2023-07-16 21:23:05 | 行ったもの(美術館・見仏)

 三連休の土日を使って、弾丸ツアーで関西の展覧会を見て来た。土曜が祇園祭・前祭の宵々山に当たっていたので、本格的に人出が多くなる前に少し見てまわった。2021年は後祭だったので、前祭の山鉾を見るのは久しぶりである。

 八坂神社に近いあたりでは、四条通りのアーケードに、ご神紋をあしらった丈の短い幕が張り渡されていた。白と黒の色合いなのが、ピリッとした神事らしくてよい。

 四条通りの月鉾。むかしはけっこう気楽に鉾に上がらせてもらったのだが、今年はどこも順番待ちの長い列ができていたのであきらめた。ご神体や懸装品を公開する会所への入場も(コロナ対策の意味もあって)制限しているところが多かったように思う。

 私の大好きな蟷螂山。

 しかし、粽、Tシャツ、扇子、全て完売だった。Tシャツは、毎年、デザインが変わるらしいのだが、来年もこれを継続販売してくれないかなあ。欲しい。

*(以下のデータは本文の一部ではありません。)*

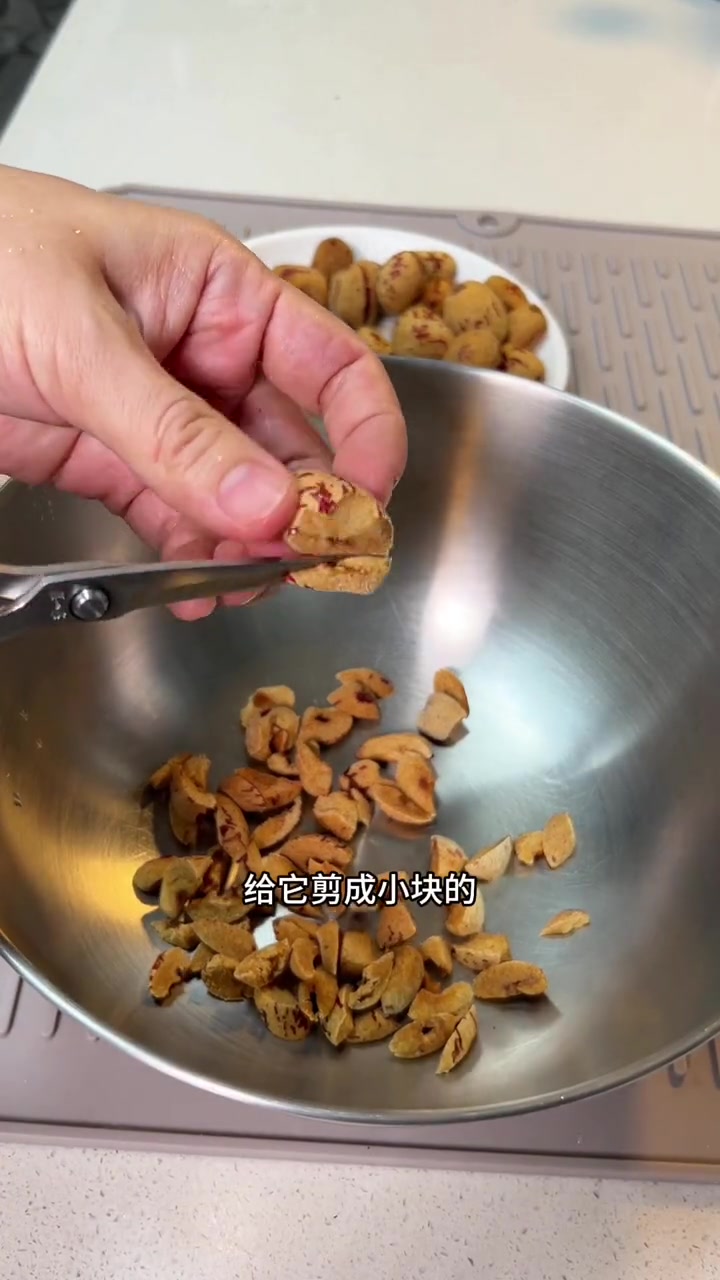 红枣糯米糕好吃到哭了,姐妹们信我快去做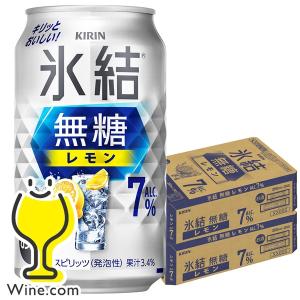 氷結 無糖 レモン レモンサワー 缶 チューハイ 酎ハイ サワー 48本 送料無料 キリン 氷結 無糖レモン アルコール 7% 350ml×2ケース/48本(048)『YML』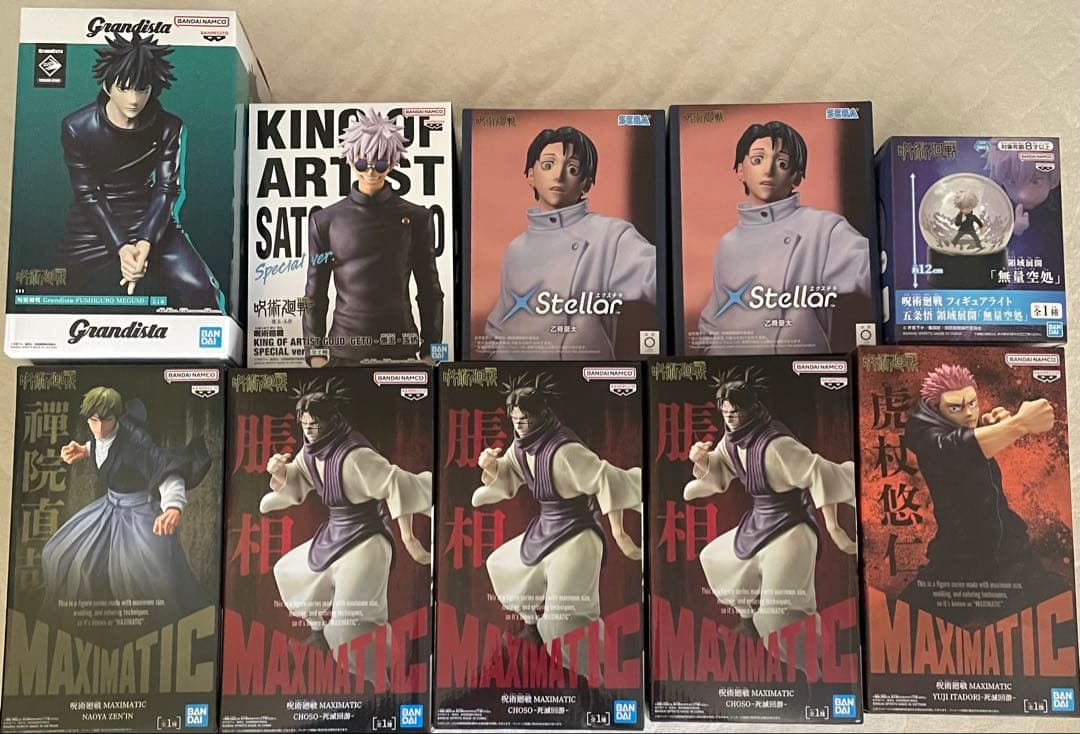 呪術廻戦 フィギュア 10体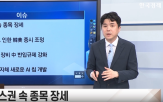 종목,지수,조선,전문가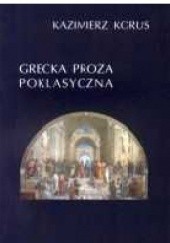 Okładka książki Grecka proza poklasyczna Kazimierz Korus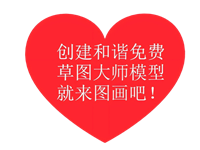 爱心形状su模型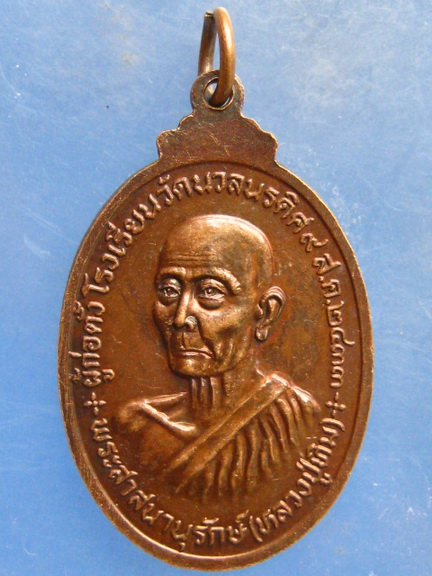 เหรียญหลวงพ่อแช่ม-หลวงปู่ทิม 90 ปี ร.ร.วัดนวลนรดิศ ปี2523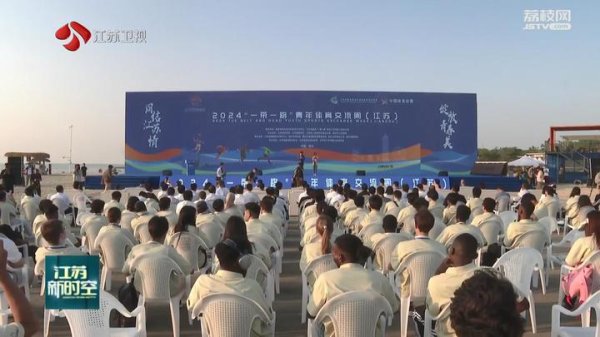 捷希源配资 江苏启动2024“一带一路”青年体育交流周活动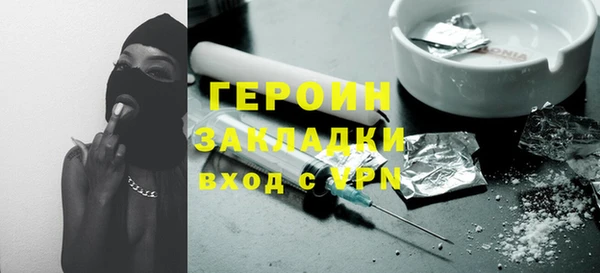 ГАЛЛЮЦИНОГЕННЫЕ ГРИБЫ Каменск-Шахтинский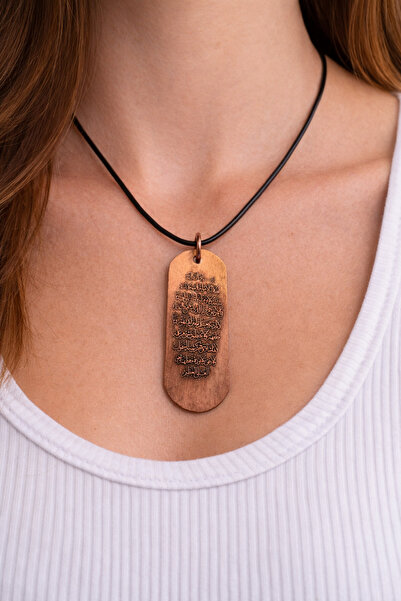 HER ŞEY NOTA www.herseynota.com Ayetel Kursi Written Copper Necklace – Unisex...
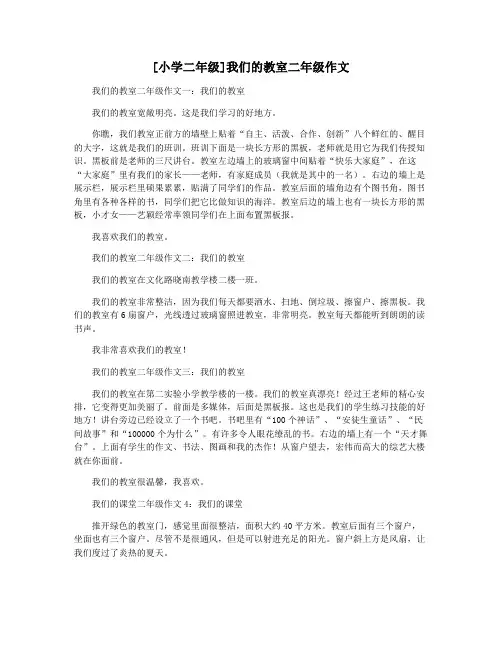 [小学二年级]我们的教室二年级作文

 船鉾も好きだ。2014年に復活した大船鉾よりもひとまわり小さいが、京都の狭い路地に現れると全く左右に余裕がない。舳先の金色の鷁(げき)がカッコいい。

 船尾の舵は黒漆塗螺鈿の飛龍文。飛龍というより、龍の分類でいうと応龍かな。

 祇園祭のときは、町名が腑に落ちる。ここは船鉾町。

 ニュースによれば、宵々山の人出は28万人だったそうだ。う~ん、今年はコロナ明けで仕方ないが、もう少し加熱がおさまってくれることを望む。私は暗くなる前に離脱して、昨夜は奈良泊まりだった。